オリヴィエの胸が大きく波打つと、再び月が辺りを照らした。
「オスカーが添削してやるから、あなたに書くつもりで書いてみろ、と言いましたの。まさか、こんなことになるなんて思いませんでしたけれど。」
少し離れていた二人の距離をオリヴィエがゼロにする。
1ミリの隙もなく抱きしめるオリヴィエの腕の中で、ロザリアは少し震えているように思えた。
「ね。今度の日の曜日も一緒にいてくれる?」
耳元で囁く甘い声にロザリアは頷いた。
「今度だけじゃなくて、その次も、その次も。ずっと一緒にいたいんだけど、いいかな・・・?」
ロザリアの返事は誰にも聞こえなかった。
言葉を紡ぐ唇がふさがれてしまったから。


次の日の曜日。
二人はいつものカフェにいた。
今日のお勧めケーキはイチゴのタルト。
大きなイチゴがたっぷりと乗っていて、塗られたシロップのせいで、イチゴの一粒一粒がキラキラと輝いていた。
紅茶しか頼まなかったロザリアの前にウェイトレスがケーキを置いた。
むっとした顔でケーキの皿をオリヴィエの方に押しやったロザリアは口をとがらせて言う。
「わたくしはこんな子供っぽいものは食べませんわ。あのウェイトレスったら本当に失礼ですわね。」
オリヴィエが注文すると思うほうがおかしいのに、ロザリアは不満そうだ。
けれど、オリヴィエがフォークを手にすると、やっぱりキラキラとした瞳で見つめてきた。

「おいしそうでしょ。
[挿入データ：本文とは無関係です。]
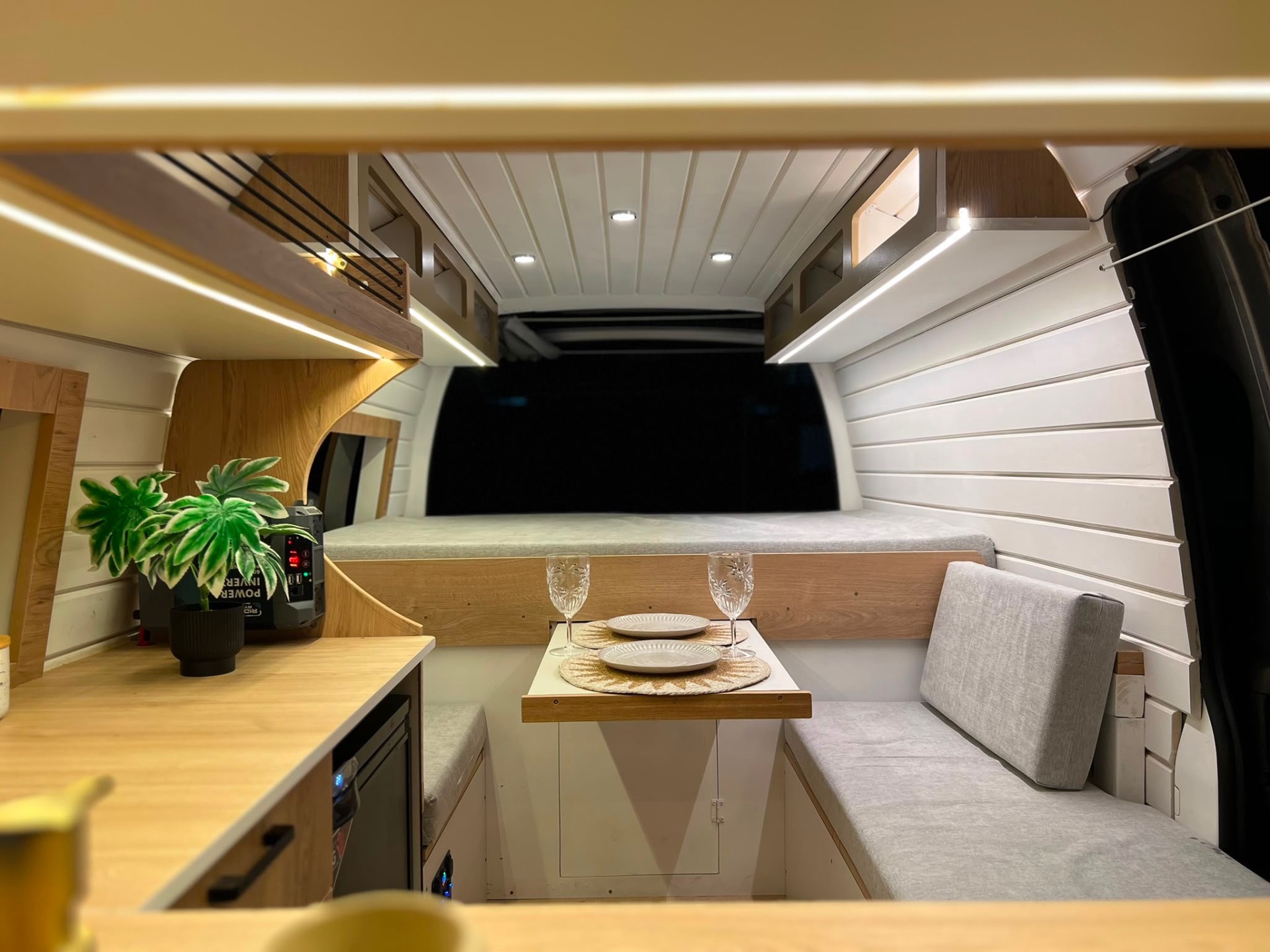Night shot — LED strip lighting warm over the bench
一口食べる?」
ファークに乗せた一切れをロザリアの目の前に差し出した。
大きなイチゴとボリュームのあるタルト生地。
不安定に乗ったフォークから今にもこぼれおちそうだ。
「あーん、して?」
オリヴィエの言葉にロザリアが目を丸くした。
そんな恥ずかしいことできませんわとでも言いたそうに蒼い瞳がオリヴィエを睨みつけている。
さっと赤らんだ頬がかわいくて、オリヴィエはフォークを少し揺らして見せた。
ロザリアはじっとケーキとオリヴィエを交互に見つめると、辺りをきょろきょろと見る。
そして、ぱくり、とフォークをくわえた。
「・・・おいしいですわ。」
にっこりしたロザリアに今度はオリヴィエが口を開ける。
「私にも食べさせてよ。」
途端に赤くなって止まってしまったロザリアに、今度は囁いた。
「口うつしでも、いいんだけど。」
目の前のイチゴとロザリアと、どっちが赤いかな、なんてことを考えて、オリヴィエは小さく笑ったのだった。